Milano Cortina 2026 Olympics – Bobsleigh – 4-man Heat 1 – Cortina Sliding Centre, Cortina d’Ampezzo, Italy – February 21, 2026. Adam Edelman of Israel, Menachem Chen of Israel, Uri Zisman of Israel, Omer Katz of Israel in action during Heat 1. Photo: REUTERS/Athit Perawongmetha

Italy’s state broadcaster RAI was forced to apologize to the Jewish community on Saturday after an off‑air remark advising its producers to “avoid” the Israeli crew was broadcast before coverage of the Four-Man bobsleigh event at the Winter Olympics.

The head of RAI’s sports division had already resigned earlier in the week after his error-ridden commentary at the Milano Cortina 2026 opening ceremony two weeks ago triggered a revolt among its journalists.

On Saturday, viewers heard “Let’s avoid crew number 21, which is the Israeli one” and then “no, because …” before the sound was cut off.

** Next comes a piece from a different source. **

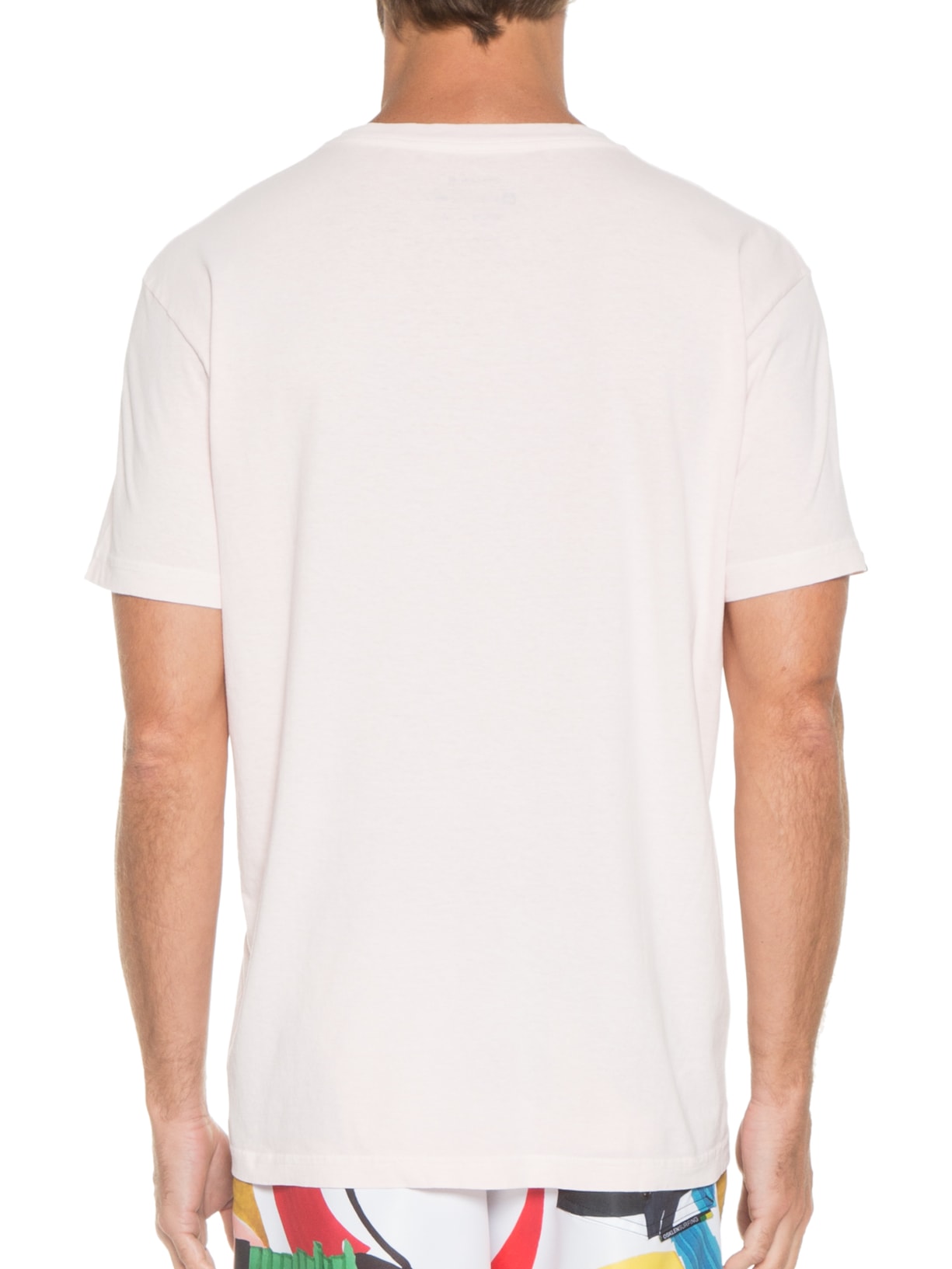 Camiseta Masculina Stone Ipanema Compositio Rosa Osklen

RAI CEO Giampaolo Rossi said the incident represented a “serious” breach of the principles of impartiality, respect and inclusion that should guide the public broadcaster.

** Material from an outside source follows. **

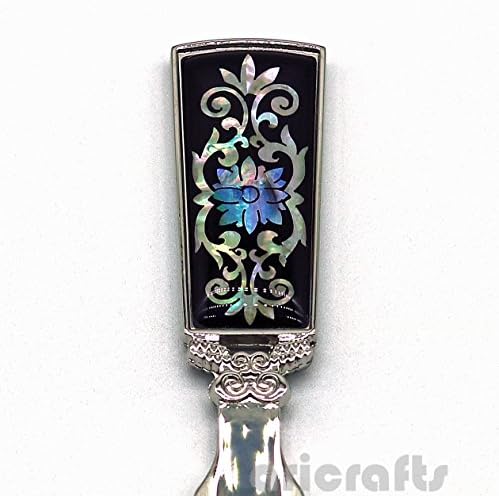 Ari Crafts Metal Letter Opener, Mother of Pearl Metal Sword Knife Desk Envelope Letter Opener, Arabesque Design Korean Gift Metal Knife, Home Office Gift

He added that RAI had opened an internal inquiry to swiftly determine any responsibility and any potential disciplinary procedures.

In a separate statement RAI’s board of directors condemned the remark as “unacceptable.”

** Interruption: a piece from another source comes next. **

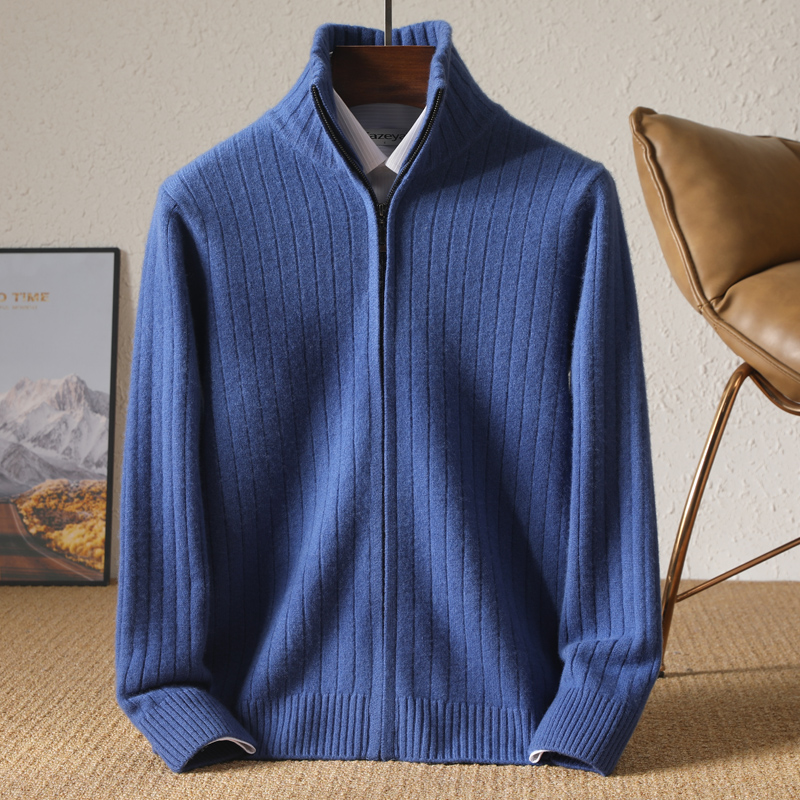 Men 100% Merino Wool Stand-Up  - đánh giá và giá Wool Blend Coat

The board apologized to the Jewish community, the athletes involved and all viewers who felt offended.

RAI is the country’s largest media organization and operates national television, radio and digital news services.

The union representing RAI journalists, Usigrai, had said Paolo Petrecca’s opening ceremony commentary had dealt “a serious blow” to the company’s credibility.

His missteps included misidentifying venues and public figures, and making comments about national teams that were widely criticized.